Na ulicy pokątnej tego lata panował niezwykły gwar. Wszyscy biegali, a mieszkający pod czterema miotłami wychodzili na balkony lub na tarasy. Pogoda była tak piękna, że żal było siedzieć w domu. Jednak jeden z domów mieszczących się na pokątnej z całą pewnością nie był pusty. Przez okno można było zobaczyć dziwne światełka a co jakiś czas wydobywały się z niego najróżniejsze zapachy, czasem przyjemne, innym razem nie koniecznie. Na ulicę wzbiła się właśnie chmura gęstego, złotego dymu o zapachu przypominającym palącą się świece. Przechadzający się obok czarodzieje zatrzymali się z przerażeniem. Był to dość tajemniczy dom o którym zdążyło nagromadzić się całe mnóstwo plotek. Był on uważany jednak, za dom nieco ponad przeciętnie zarabiającej rodziny, ale nikt nie wiedział, że tak naprawdę jest w nim, poza uroczą skrzatką domową tylko jedna osoba - śliczna 13 letnia dziewczyna spędzająca w nim lato. Miała ona na imię Nina i właśnie opracowywała przepis na eliksir, który zaczynał świecić przy kontakcie z różdżką. Wpadła na ten pomysł czytając artykuł o różdżkach i dowiadując się, że są pewne magiczne istoty, które wyczuwają ich obecność przy niewielkiej odległości. Był to zdecydowanie najtrudniejszy eliksir jaki do tej pory stworzyła, ale byłby z pewnością bardzo praktyczny. Niestety tym razem nie udało jej się. Wszystko przez sowę, która wleciała do pokoju
- Hay Lin? - zawołała dziewczyna zdziwiona nagłym pojawieniem się zwierzęcia i przerwała mieszanie.
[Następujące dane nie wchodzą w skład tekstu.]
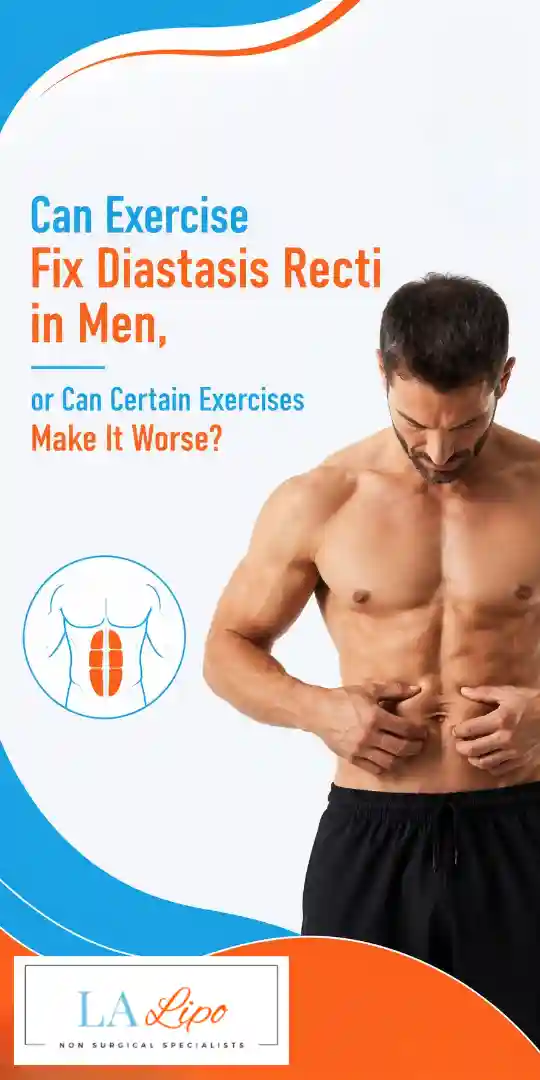 Can Exercise Fix Diastasis Recti in Men, or Can Certain Exercises Make It Worse Ponders End?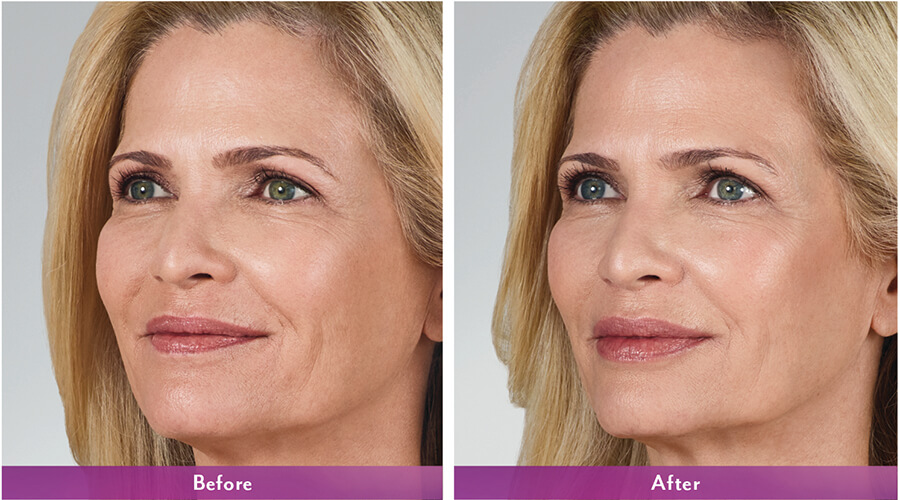 before and after juvederm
- Tak się cieszę, że jesteś. - zdążyła tylko powiedzieć i z kociołka wzbiła się gęsta chmura złotego dymu.
- Kurcze, zważyła się. Dobra, dodam jeszcze jedno skrzydełko ważki chabrowatej, powinno wzmocnić efekt. - i zwróciła się do sowy
- Połowa wakacji minęła kochana. Rodzice cię wymęczyli. Mają tyle sów, a i tak w wakacje nie dają rady bez ciebie. To co tam od nich masz? - sięgnęła po list przywiązany do nóżki sowy i odczytała go. Nie spowodował on w niej szczególnej ekscytacji, spodziewała się jego treści. Coś co jakby na chwilę przykuło jej uwagę to fragment, który zacytowała sówce.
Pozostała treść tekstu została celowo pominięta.